21 April 2009

S&P 500 Short-Term Forecasts

The Pig is in short-term trading mode, keeping an eye on the Russell 2000 on behalf of my 3X-Bear R2K ETF, TZA, as well as looking for enticing opportunities to trade the FAS/FAZ combo. Aside from those, I'm interested in keeping abreast of the S&P 500 and its action over the coming weeks.
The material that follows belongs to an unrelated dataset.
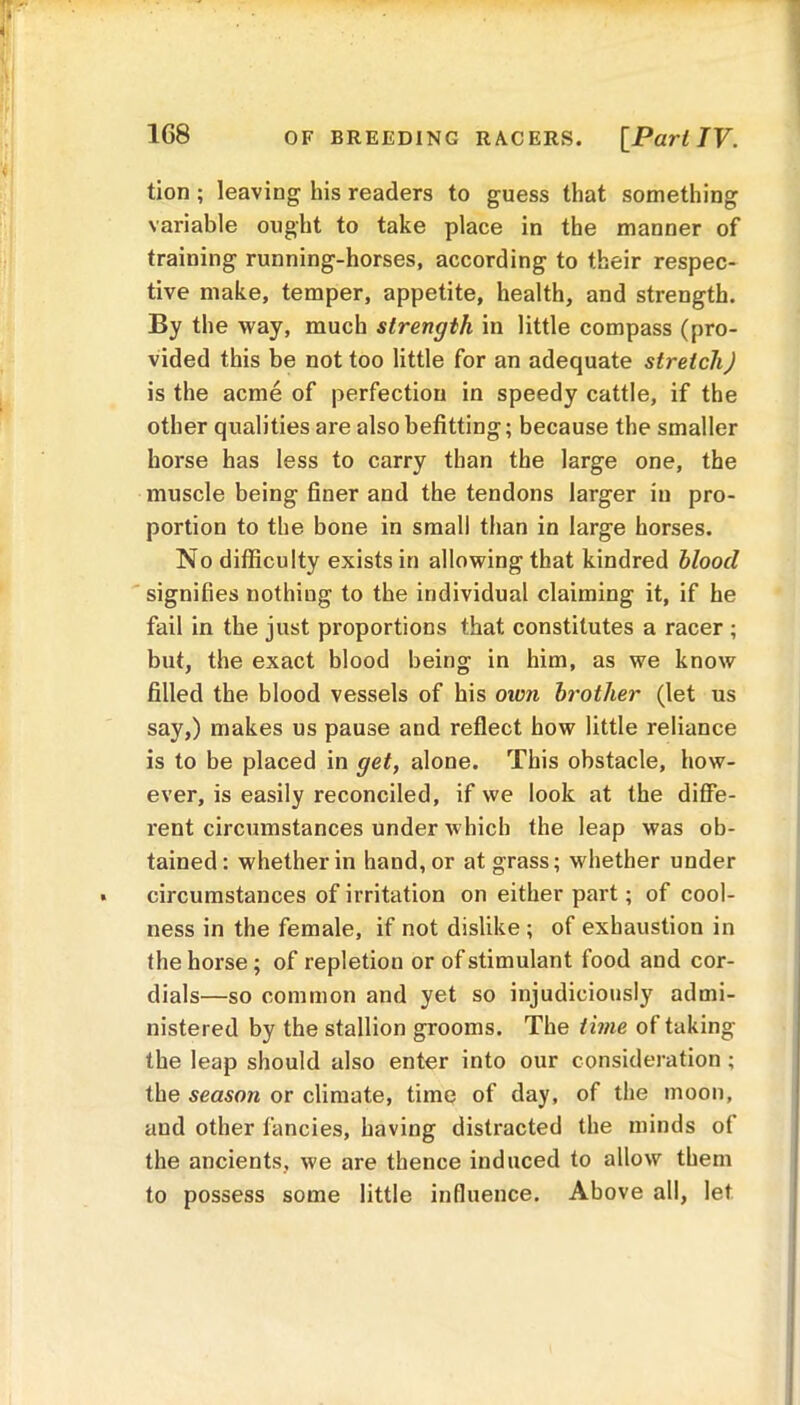 OF BREEDING RACERS. [Pari TV. tion ; leaving his readers to guess that something variable ought to take place in the manner of training running-horses, according to their respec- tive make, temper, appetite, health, and strength. By the way, much strength in little compass (pro- vided this be not too little for an adequate stretch) is the acme of perfection in speedy cattle, if the other qualities are also befitting; because the smaller horse has less to carry than the large one, the muscle being finer and the tendons larger in pro- portion to the bone in small than in large horses. No difficulty exists in allowing that kindred hloocl signifies nothing to the individual claiming it, if he fail in the just proportions that constitutes a racer ; but, the exact blood being in him, as we know filled the blood vessels of his own brother (let us say,) makes us pause and reflect how little reliance is to be placed in get, alone. This obstacle, how- ever, is easily reconciled, if we look at the diffe- rent circumstances under which the leap was ob- tained : whether in hand, or at grass; whether under circumstances of irritation on either part; of cool- ness in the female, if not dislike ; of exhaustion in the horse ; of repletion or of stimulant food and cor- dials—so common and yet so injudiciously admi- nistered by the stallion grooms. The time of taking the leap should also enter into our consideration ; the season or climate, time of day, of the moon, aud other fancies, having distracted the minds of the ancients, we are thence induced to allow them to possess some little influence. Above all, let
Carl Swenlin at Stockcharts.com's ChartWatchers blog posted several nice charts showing a likely short-term pullback in the S&P 500. Click on the link for all of the graphical goodness. If you don't need the visual evidence, here's Swenlin's conclusion:

Bottom Line: Based upon my perception of market behavior versus indicator status, I am expecting some kind of correction, possibly a short consolidation -- a week or so -- or a quick, scary couple of down days. Regardless of how the overbought conditions are cleared, I am assuming that the rally is not over and will persist for at least a few more weeks.

Today qualified as a "quick, scary" down day:

We'll see if the gravitational pull on the market continues tomorrow. A quick look at the $SPXA50 chart below shows that the number of stocks trading above their 50-day moving average dropped from an ionospheric 448 to a mere stratospheric 413:

Zero Hedge offers up some more technical analysis suggesting 816 as a potential downward target for the S&P, which is only a 2% drop from today's close. Again, this is a short-term target (Zero Hedge's linked report calls for ~April 30 as the target date, what with Chrysler's presumed Chapter 7 filing coming around that date). That seems like a conservative target to me, considering today's thorough sell-off.
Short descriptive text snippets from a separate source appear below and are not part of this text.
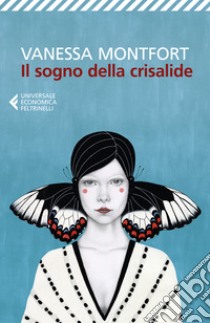 Il sogno della crisalide libro di Montfort Vanessa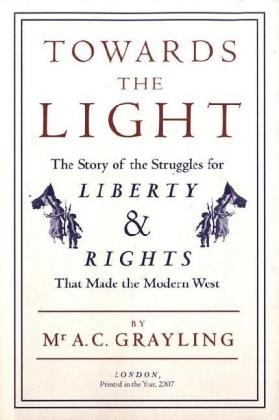 Towards the Light - Professor A. C. Grayling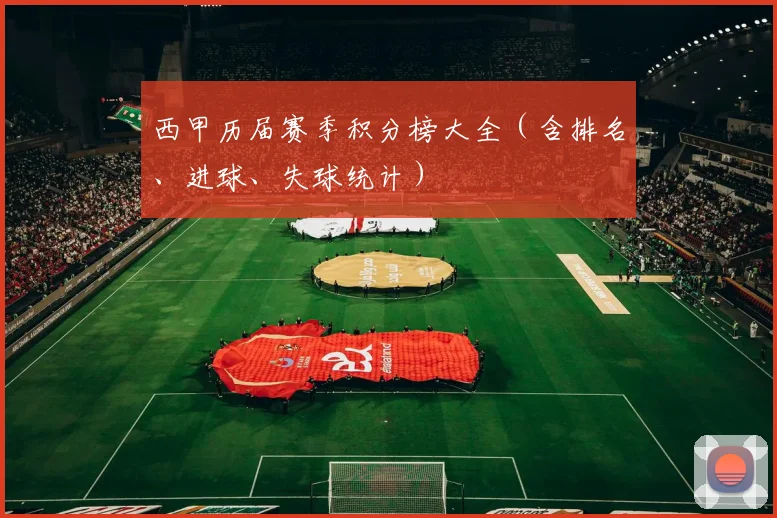 西甲历届赛季积分榜大全（含排名、进球、失球统计）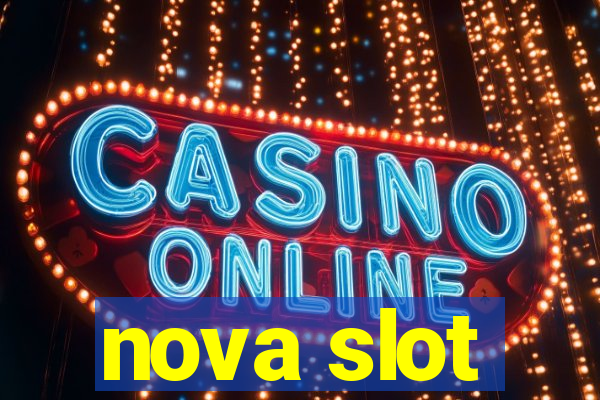 nova slot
Trader Mike took note of today's sell-off, pointing out the steep upward trendline has now been broken, meaning the short-term trend for the market is now negative. But it's not yet time for the bears (or a certain Pig) to celebrate and run rampant:

I think we all knew this selloff was coming, the only question was when. This was the biggest drop in several weeks and has broken all the March trendlines on the major indices. The bulls didn’t even put up a fight at those trendlines, which is a big change from the past few weeks. Financials led the way down, thanks to Bank of America (BAC). Despite BAC’s 24% drop today the chart doesn’t look terrible. It’s just back to where it was about a week ago. Let’s see if it can find support around the late March highs.